⟨

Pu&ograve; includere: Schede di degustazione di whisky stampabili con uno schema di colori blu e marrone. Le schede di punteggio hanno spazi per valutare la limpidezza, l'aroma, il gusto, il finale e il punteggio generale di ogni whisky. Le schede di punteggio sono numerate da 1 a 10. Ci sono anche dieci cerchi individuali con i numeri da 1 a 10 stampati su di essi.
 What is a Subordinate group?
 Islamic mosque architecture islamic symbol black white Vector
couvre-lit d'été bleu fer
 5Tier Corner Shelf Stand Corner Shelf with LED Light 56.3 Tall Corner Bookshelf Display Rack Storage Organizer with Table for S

⟩
⟨

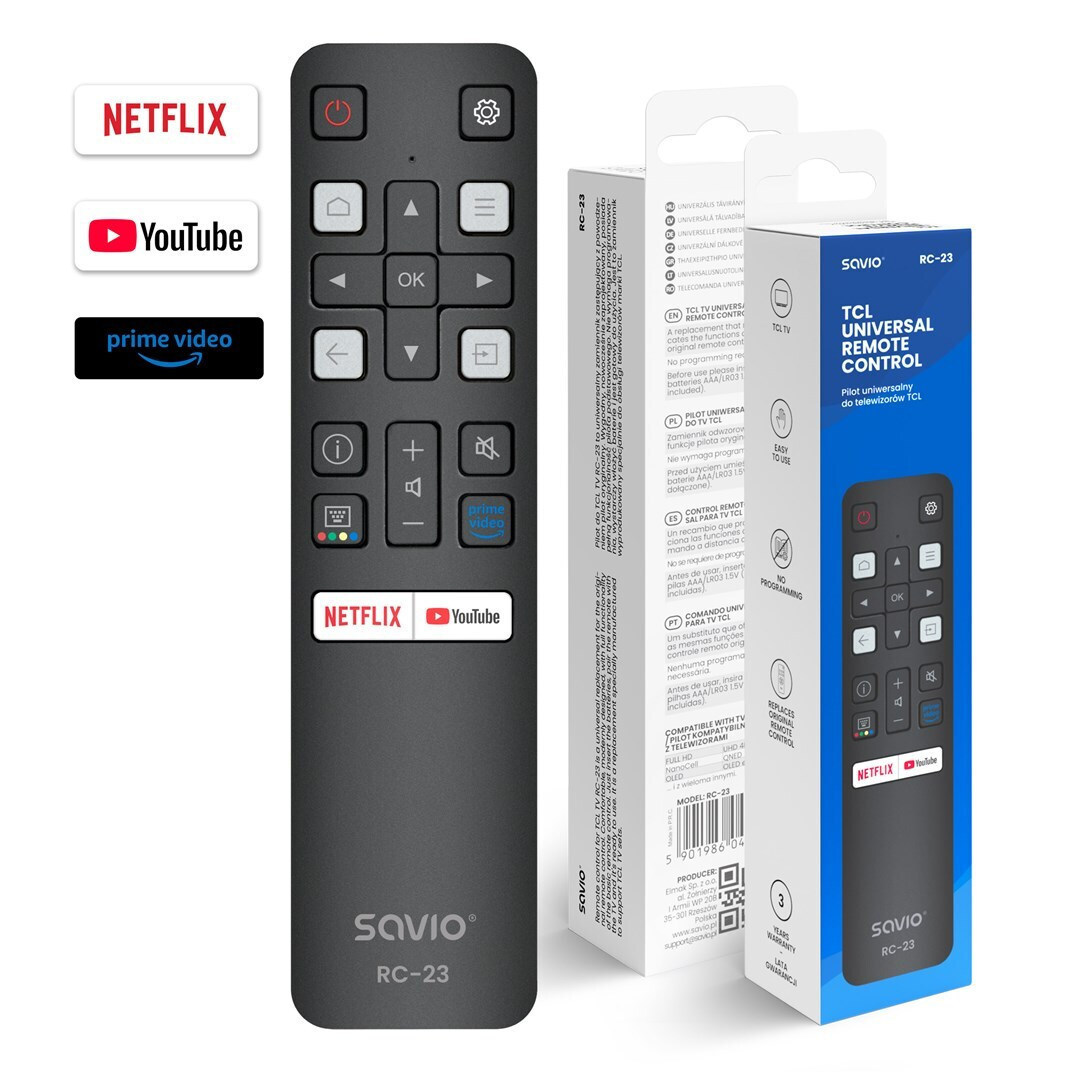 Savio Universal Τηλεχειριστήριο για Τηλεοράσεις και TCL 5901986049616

⟩

> [DIRECTIONS]
In the entries above, please find the line with "Islamic mosque architecture" and the line with "5Tier Corner Shelf", then write out exactly those two lines and every line between them, and nothing more.

> [RESPONSE AREA]
 Islamic mosque architecture islamic symbol black white Vector
couvre-lit d'été bleu fer
 5Tier Corner Shelf Stand Corner Shelf with LED Light 56.3 Tall Corner Bookshelf Display Rack Storage Organizer with Table for S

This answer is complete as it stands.